Shenzhen Salubris Pharmaceuticals (002294.SZ): Clinical Trial Application for SAL0140 Drug Receives Regulatory Acceptance

Shenzhen Salubris Pharmaceuticals Co.,Ltd. (002294.SZ) announced that the company recently received an acceptance notice issued by the National Medical Products Administration. The clinical trial application for a new indication of the company's independently developed innovative small molecule drug SAL0140 tablets (project code: SAL0140) has been accepted for review.

SAL0140 is an aldosterone synthase inhibitor with independent intellectual property rights owned by the company. The planned indications for development include uncontrolled hypertension (including resistant hypertension), chronic kidney disease (CKD), and primary aldosteronism.
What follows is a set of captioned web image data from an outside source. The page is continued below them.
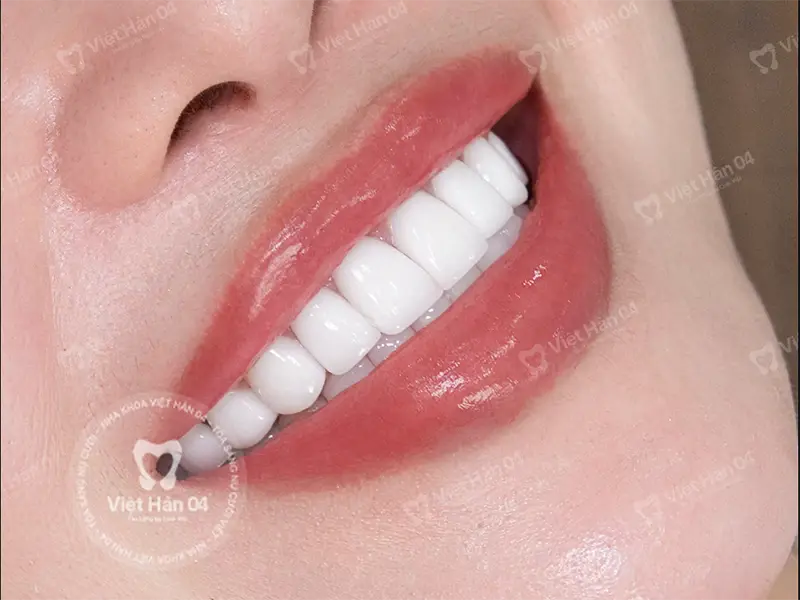 Xuất xứ của răng sứ Zirconia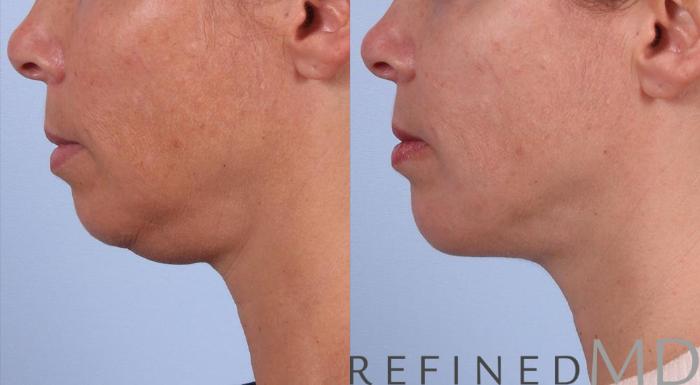 Before & After Necklift Case 1083 View 3 View in Los Gatos & San Jose, CA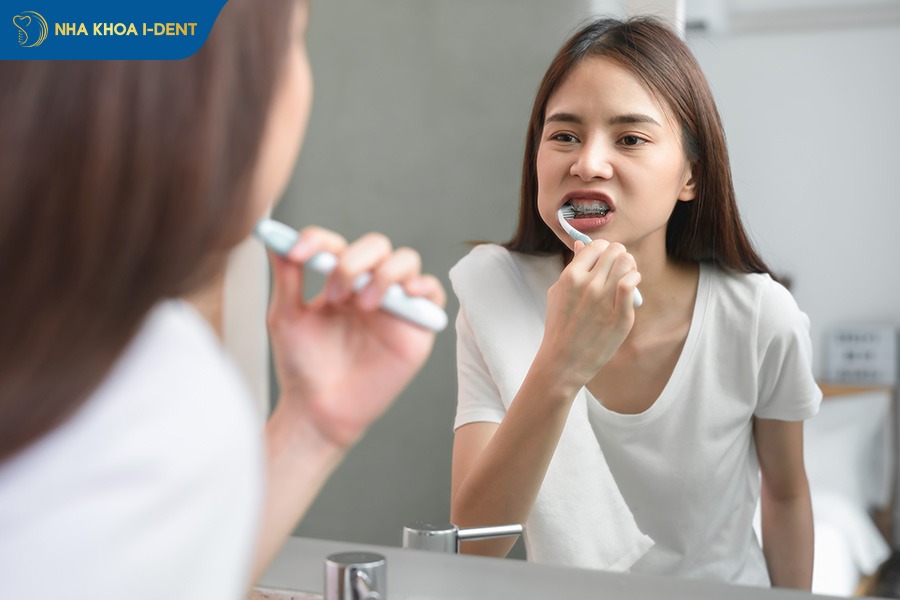 các loại niềng răng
Currently, SAL0140 for uncontrolled hypertension is about to commence Phase II clinical trials.

Aldosterone is the most important mineralocorticoid hormone in the human body, maintaining fluid and electrolyte balance while directly participating in target organ damage in various cardiovascular and kidney diseases. Primary aldosteronism is caused by autonomous excessive secretion of aldosterone from the zona glomerulosa of the adrenal cortex, leading to sodium retention and potassium excretion in the body, increased blood volume, and suppressed renin-angiotensin system activity. The main clinical characteristics include hypertension, cardiovascular damage, sodium retention, and frequently occurring hypokalemia, making it one of the common causes of secondary hypertension.

Primary aldosteronism accounts for 5% to 15% of the hypertensive population. Among newly diagnosed hypertensive patients, the prevalence of primary aldosteronism exceeds 4%, and the prevalence rate increases with rising blood pressure levels, accounting for approximately 20% of patients with resistant hypertension. Compared to patients with essential hypertension, those with primary aldosteronism experience more severe target organ damage and higher cardiovascular disease risk.

Aldosterone synthase inhibitors are expected to directly inhibit aldosterone synthesis, reduce aldosterone levels in patients with primary aldosteronism, thereby lowering blood pressure and organ damage, demonstrating significant development potential.

If SAL0140 can be successfully developed and approved for market launch, it is expected to provide targeted new medication options for patients in more specialized fields, meet unmet clinical needs, and further enrich the company's innovative product pipeline in the chronic disease sector.